Give back an exact copy of the lines in the records below, from the line that has "Image to Close" through the line that has "Лампа Philips HB3", and nothing besides.

───

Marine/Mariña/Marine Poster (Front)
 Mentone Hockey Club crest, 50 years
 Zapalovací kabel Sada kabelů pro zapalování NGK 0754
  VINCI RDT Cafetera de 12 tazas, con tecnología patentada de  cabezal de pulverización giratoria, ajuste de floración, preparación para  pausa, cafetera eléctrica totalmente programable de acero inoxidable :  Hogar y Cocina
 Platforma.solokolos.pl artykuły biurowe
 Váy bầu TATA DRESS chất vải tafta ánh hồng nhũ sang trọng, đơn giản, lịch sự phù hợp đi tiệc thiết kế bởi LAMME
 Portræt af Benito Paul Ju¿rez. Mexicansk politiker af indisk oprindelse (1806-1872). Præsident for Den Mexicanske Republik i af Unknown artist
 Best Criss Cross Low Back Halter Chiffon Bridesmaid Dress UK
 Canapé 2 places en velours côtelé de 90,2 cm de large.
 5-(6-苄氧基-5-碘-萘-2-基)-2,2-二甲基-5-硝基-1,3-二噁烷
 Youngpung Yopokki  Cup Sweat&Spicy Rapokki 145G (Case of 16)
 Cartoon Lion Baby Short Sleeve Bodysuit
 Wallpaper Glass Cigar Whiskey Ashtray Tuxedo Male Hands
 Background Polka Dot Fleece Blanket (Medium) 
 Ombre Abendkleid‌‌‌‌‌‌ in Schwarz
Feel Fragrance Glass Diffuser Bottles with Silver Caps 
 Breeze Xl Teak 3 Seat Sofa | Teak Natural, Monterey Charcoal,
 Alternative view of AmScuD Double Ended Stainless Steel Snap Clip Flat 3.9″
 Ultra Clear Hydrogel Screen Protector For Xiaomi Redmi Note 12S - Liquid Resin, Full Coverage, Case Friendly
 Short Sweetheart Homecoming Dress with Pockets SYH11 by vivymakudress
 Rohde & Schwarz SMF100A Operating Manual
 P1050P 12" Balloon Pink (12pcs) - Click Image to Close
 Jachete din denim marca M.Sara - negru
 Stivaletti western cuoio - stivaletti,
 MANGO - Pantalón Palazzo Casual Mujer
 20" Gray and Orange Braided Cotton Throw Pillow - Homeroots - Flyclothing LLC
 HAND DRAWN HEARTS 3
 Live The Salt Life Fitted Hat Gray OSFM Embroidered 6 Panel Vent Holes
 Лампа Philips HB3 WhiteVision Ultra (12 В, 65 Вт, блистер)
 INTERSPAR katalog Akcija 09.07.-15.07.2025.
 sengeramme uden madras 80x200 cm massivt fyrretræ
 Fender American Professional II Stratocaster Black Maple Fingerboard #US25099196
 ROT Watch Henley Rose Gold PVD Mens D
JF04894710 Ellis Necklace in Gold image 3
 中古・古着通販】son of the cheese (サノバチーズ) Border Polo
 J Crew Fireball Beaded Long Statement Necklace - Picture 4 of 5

───

- **Exercise solution**
 P1050P 12" Balloon Pink (12pcs) - Click Image to Close
 Jachete din denim marca M.Sara - negru
 Stivaletti western cuoio - stivaletti,
 MANGO - Pantalón Palazzo Casual Mujer
 20" Gray and Orange Braided Cotton Throw Pillow - Homeroots - Flyclothing LLC
 HAND DRAWN HEARTS 3
 Live The Salt Life Fitted Hat Gray OSFM Embroidered 6 Panel Vent Holes
 Лампа Philips HB3 WhiteVision Ultra (12 В, 65 Вт, блистер)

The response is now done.